═══ EXTRACTED RECORDS ═══

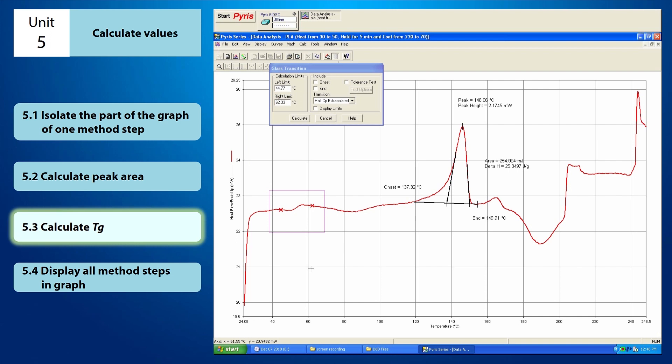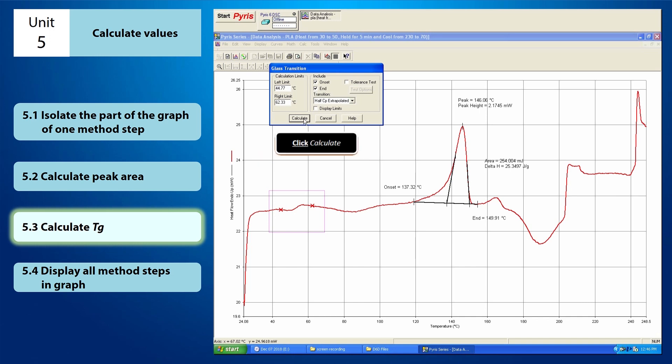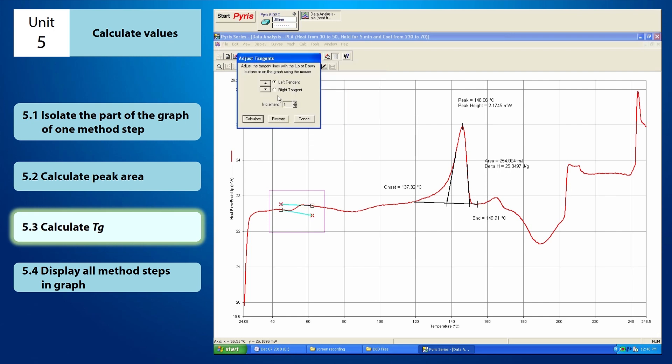Once you have captured the TG, you need to check the Onset and End boxes. After that, click Calculate after confirming all the data are set correctly. Once you click Calculate, the Adjust Tangent window will appear.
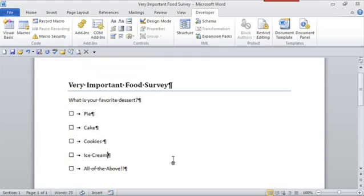There's my food survey. There you have it, creating surveys in Microsoft Word. This is Crystal, and we'll see you soon.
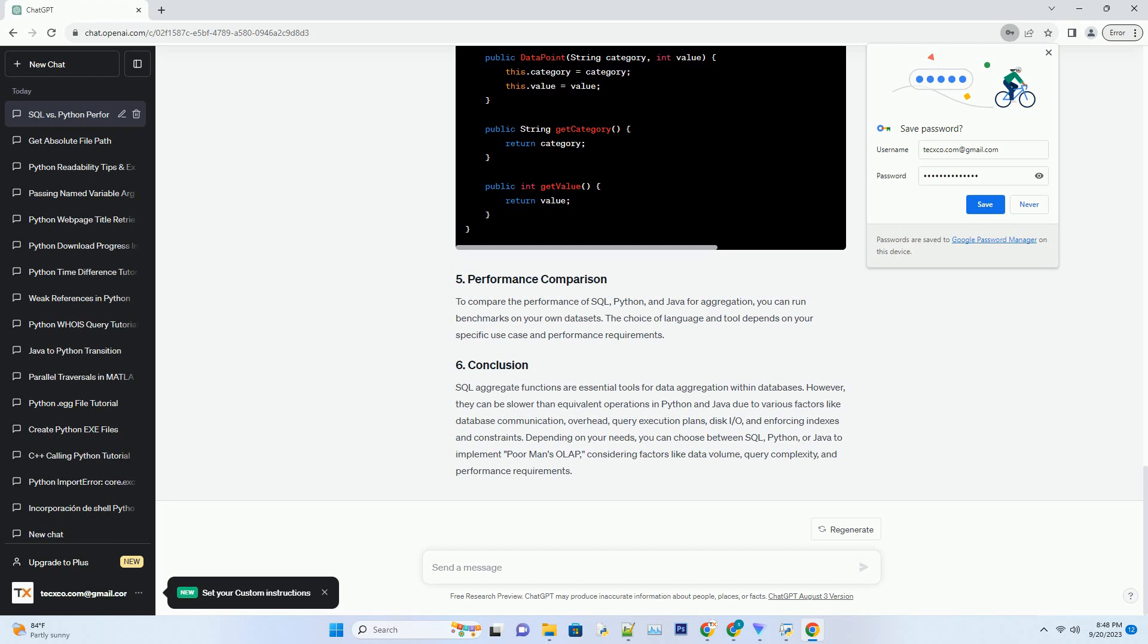To compare the performance of SQL, Python, and Java for aggregation, you can run benchmarks on your own data sets. The choice of language and tool depends on your specific use case and performance requirements.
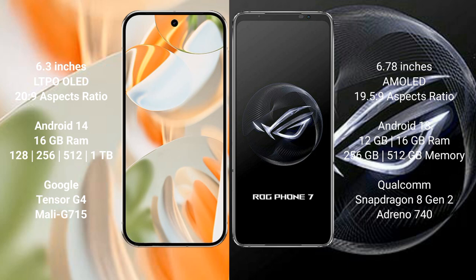The Google Pixel 9 Pro runs on the Android 14 operating system, while the Asus ROG Phone 7 runs on the Android 13 operating system.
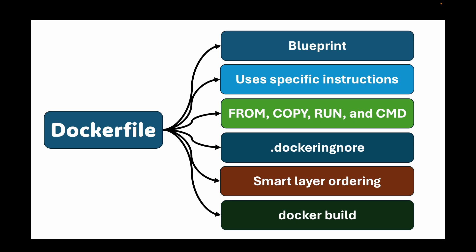To recap: Dockerfile is your blueprint. Use specific instructions like FROM, COPY, RUN, and CMD to define your environment. Optimize with .dockerignore and smart layer ordering. Build it all with the docker build instruction. This is the foundation for everything else in the Docker ecosystem, like Docker Compose and orchestration with Kubernetes. That brings us to the end of the session. In the next session we'll talk about Docker volumes and data persistence. If you found this helpful, please hit that like button, subscribe to the channel for more content, and let me know in the comments if you have any queries. Thank you for watching and I'll see you in the next session.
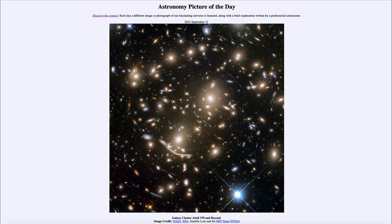So that was our picture of the day for September 12th of 2023, titled Galaxy Cluster Abell 370 and Beyond. We'll be back again tomorrow for the next picture, previewed to be partly hidden, so we'll see what that's about tomorrow. Until then, have a great day everyone, and I will see you in class.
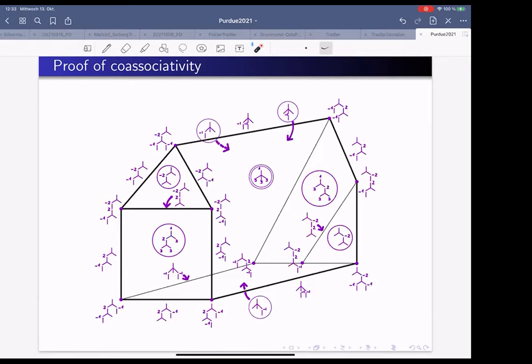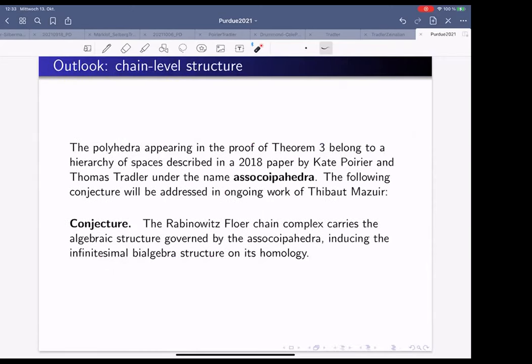A student of Alex Oancea, Thibault Mäzille, attended a conference talk by Kate Poirier, who was drawing exactly those hexagons and polyhedra as part of a hierarchy of polyhedra governing an infinity structure called 'associocopahedra,' joint work with Thomas Tradler. This suggests that what we are seeing is the beginning of an infinity structure on the Rabinowitz Floer chain complex. Thibault is working on defining this infinity bi-algebra structure and showing that the bi-algebra on homology is the induced structure from it. Thank you very much.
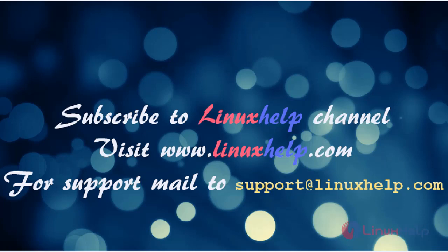Please subscribe to our YouTube channel Linuxhelp. If you need more videos, visit www.linuxhelp.com. For any queries, email support@linuxhelp.com.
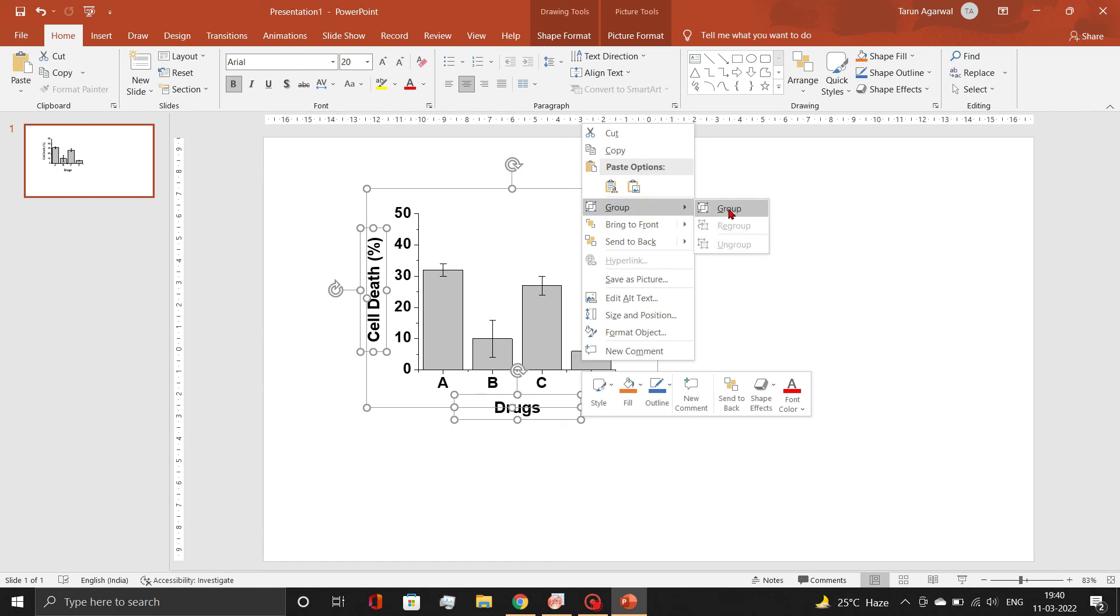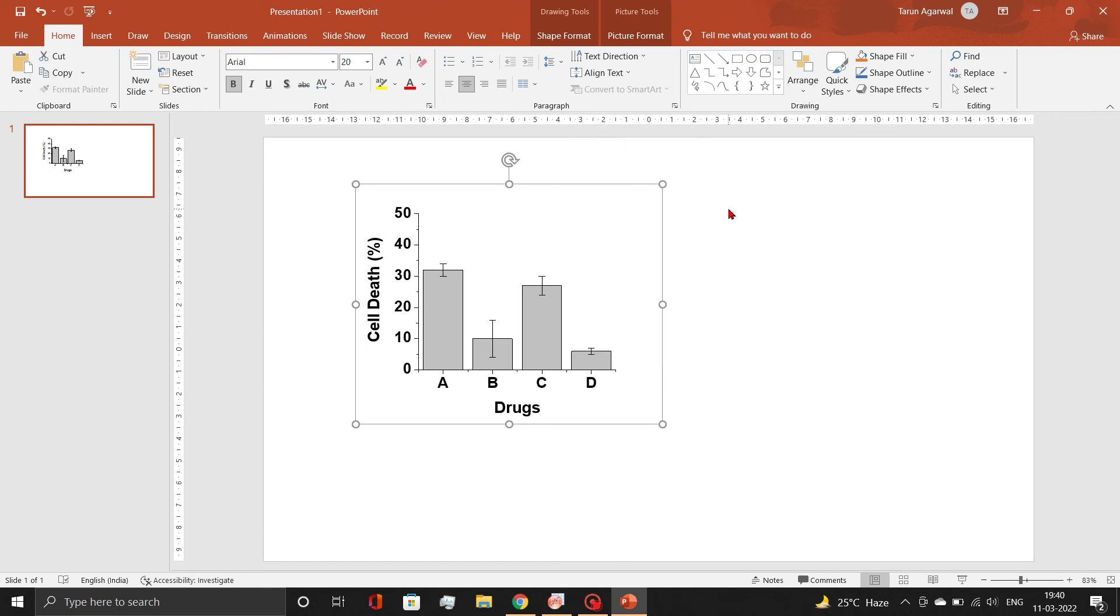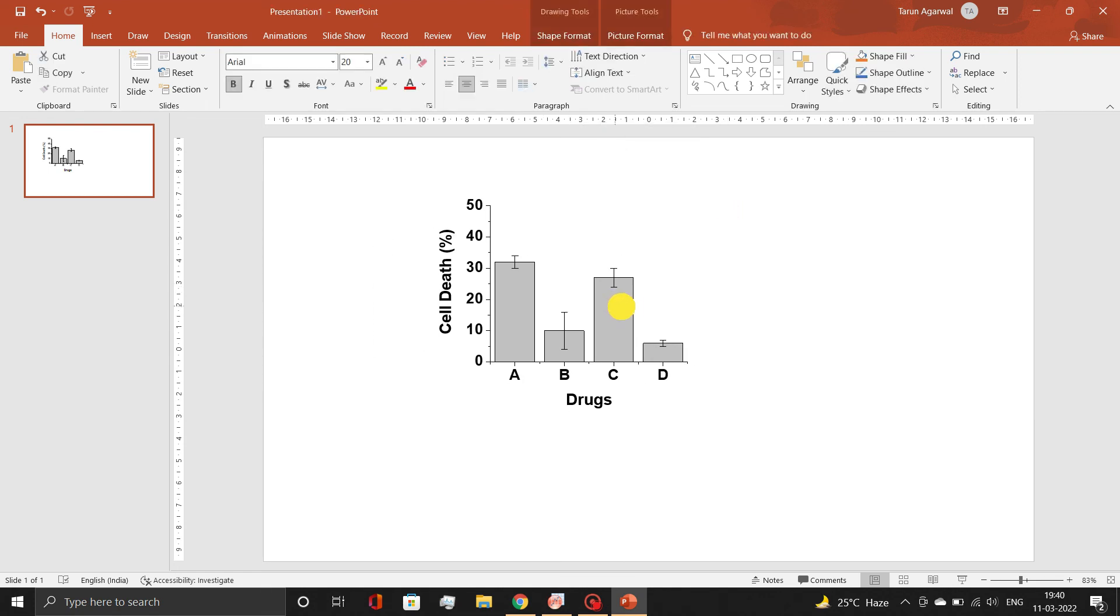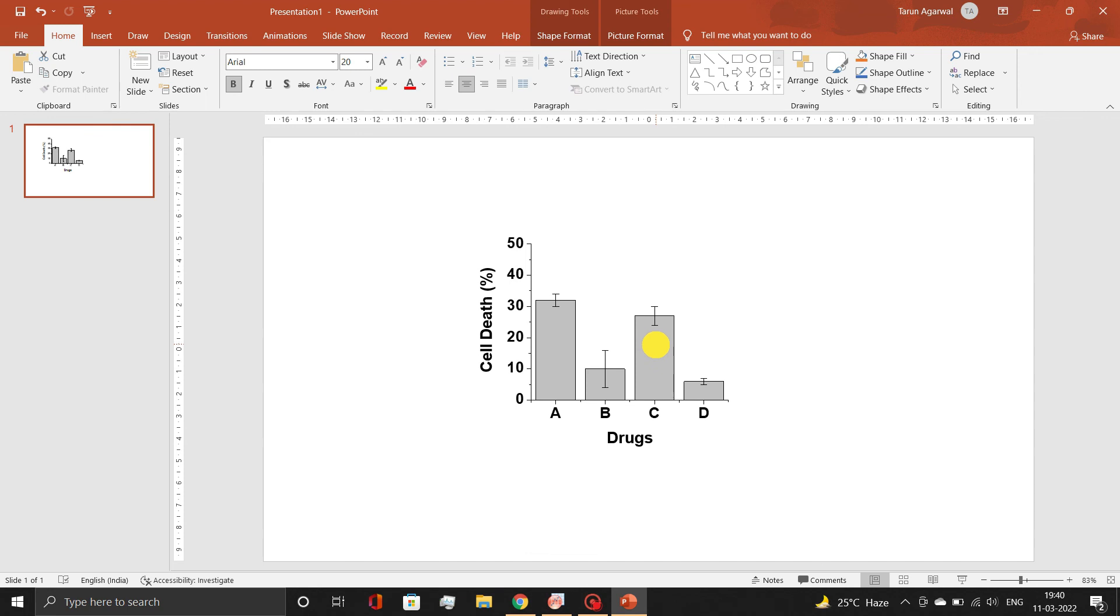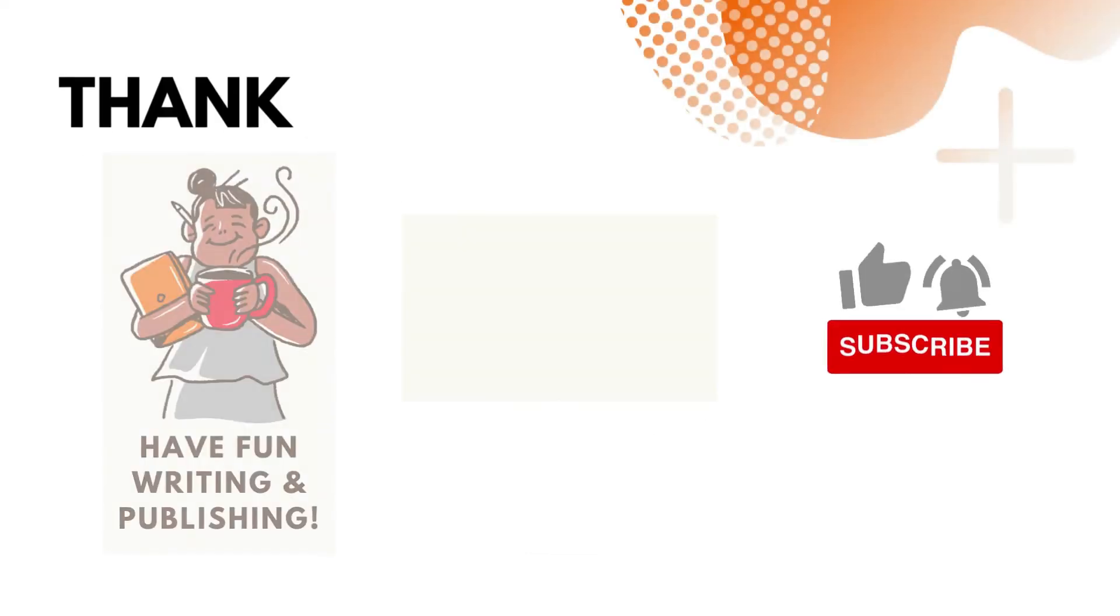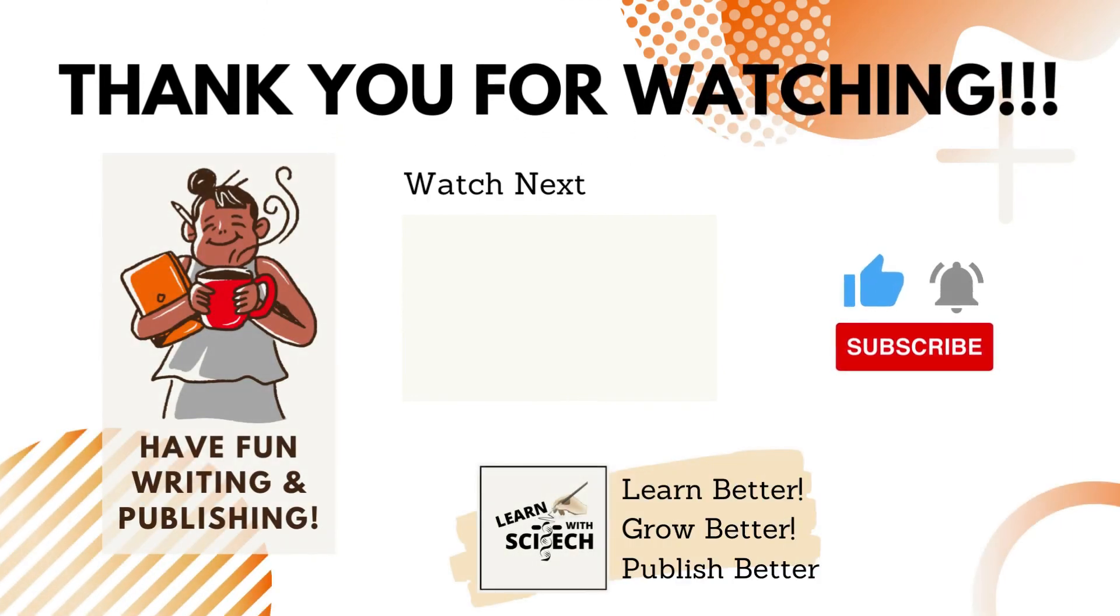You can use this graph in figure panels of your publication. Check out our previous video to know why we recommend to change the canvas dimension size before exporting graphs. Thank you, and all the best.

═══

_EXERCISE GOAL_
From the first line to the last, set down the data exactly, without the pictures.

_ANSWER TO THIS PROBLEM_
Once you have captured the TG, you need to check the Onset and End boxes. After that, click Calculate after confirming all the data are set correctly. Once you click Calculate, the Adjust Tangent window will appear.
There's my food survey. There you have it, creating surveys in Microsoft Word. This is Crystal, and we'll see you soon.
To compare the performance of SQL, Python, and Java for aggregation, you can run benchmarks on your own data sets. The choice of language and tool depends on your specific use case and performance requirements.
The Google Pixel 9 Pro runs on the Android 14 operating system, while the Asus ROG Phone 7 runs on the Android 13 operating system.
To recap: Dockerfile is your blueprint. Use specific instructions like FROM, COPY, RUN, and CMD to define your environment. Optimize with .dockerignore and smart layer ordering. Build it all with the docker build instruction. This is the foundation for everything else in the Docker ecosystem, like Docker Compose and orchestration with Kubernetes. That brings us to the end of the session. In the next session we'll talk about Docker volumes and data persistence. If you found this helpful, please hit that like button, subscribe to the channel for more content, and let me know in the comments if you have any queries. Thank you for watching and I'll see you in the next session.
So that was our picture of the day for September 12th of 2023, titled Galaxy Cluster Abell 370 and Beyond. We'll be back again tomorrow for the next picture, previewed to be partly hidden, so we'll see what that's about tomorrow. Until then, have a great day everyone, and I will see you in class.
A student of Alex Oancea, Thibault Mäzille, attended a conference talk by Kate Poirier, who was drawing exactly those hexagons and polyhedra as part of a hierarchy of polyhedra governing an infinity structure called 'associocopahedra,' joint work with Thomas Tradler. This suggests that what we are seeing is the beginning of an infinity structure on the Rabinowitz Floer chain complex. Thibault is working on defining this infinity bi-algebra structure and showing that the bi-algebra on homology is the induced structure from it. Thank you very much.
Please subscribe to our YouTube channel Linuxhelp. If you need more videos, visit www.linuxhelp.com. For any queries, email support@linuxhelp.com.
You can use this graph in figure panels of your publication. Check out our previous video to know why we recommend to change the canvas dimension size before exporting graphs. Thank you, and all the best.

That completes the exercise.